Records to process START
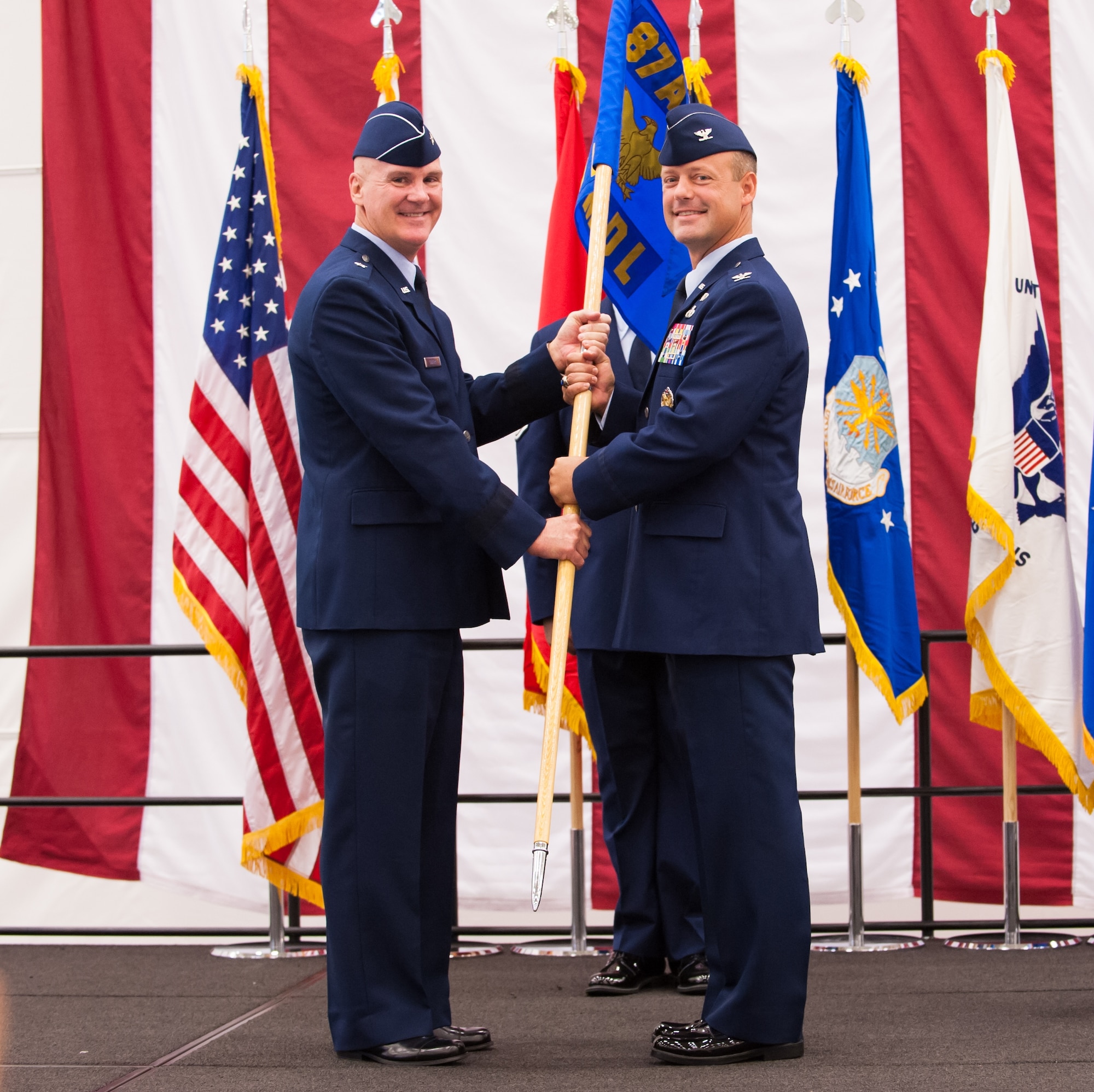Brig. Gen. Randall C. Guthrie, U.S. Air Force Expeditionary Center commander, passes the guidon to Col. James C. Hodges, who takes command during the 87th Air Base Wing Change of Command Ceremony July 25, 2013, in Hanger 3370 on Joint Base McGuire-Dix-Lakehurst, N.J. During the event Col. John M. Wood relinquished command to Hodges. (U.S. Air Force photo by Russ Meseroll/Released)
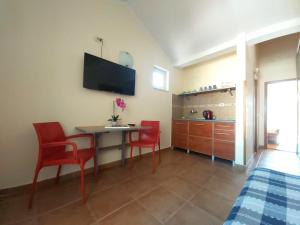 a room with a table and chairs and a kitchen at Apartments Premier in Budva +3 photos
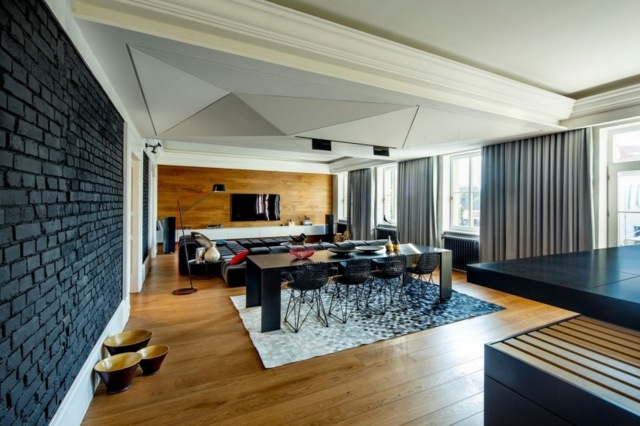 Stropný jedálenský stôl a stoličky so symetrickým vzorom v čiernej farbe znížený strop-s-trojuholníkovým vzorom-tehlová stena-v-čiernej farbe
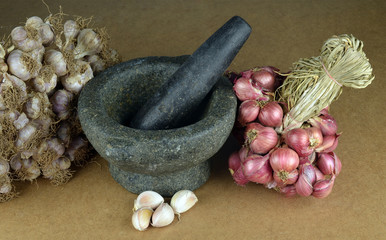 Granite mortar and pestle with garlic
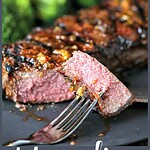 Mongolian Glazed Grilled Steak has a thin, crispy coating and a tangy barbecue glaze. #steak #beef #beefitswhatsfordinner #grilling #recipe #dinnerideas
Records to process END
▶ [What needs to be done] Retype all entries above verbatim; no pictures belong in the copy.

▶ [Output below]
Brig. Gen. Randall C. Guthrie, U.S. Air Force Expeditionary Center commander, passes the guidon to Col. James C. Hodges, who takes command during the 87th Air Base Wing Change of Command Ceremony July 25, 2013, in Hanger 3370 on Joint Base McGuire-Dix-Lakehurst, N.J. During the event Col. John M. Wood relinquished command to Hodges. (U.S. Air Force photo by Russ Meseroll/Released)
 a room with a table and chairs and a kitchen at Apartments Premier in Budva +3 photos
 Stropný jedálenský stôl a stoličky so symetrickým vzorom v čiernej farbe znížený strop-s-trojuholníkovým vzorom-tehlová stena-v-čiernej farbe
 Granite mortar and pestle with garlic
 Mongolian Glazed Grilled Steak has a thin, crispy coating and a tangy barbecue glaze. #steak #beef #beefitswhatsfordinner #grilling #recipe #dinnerideas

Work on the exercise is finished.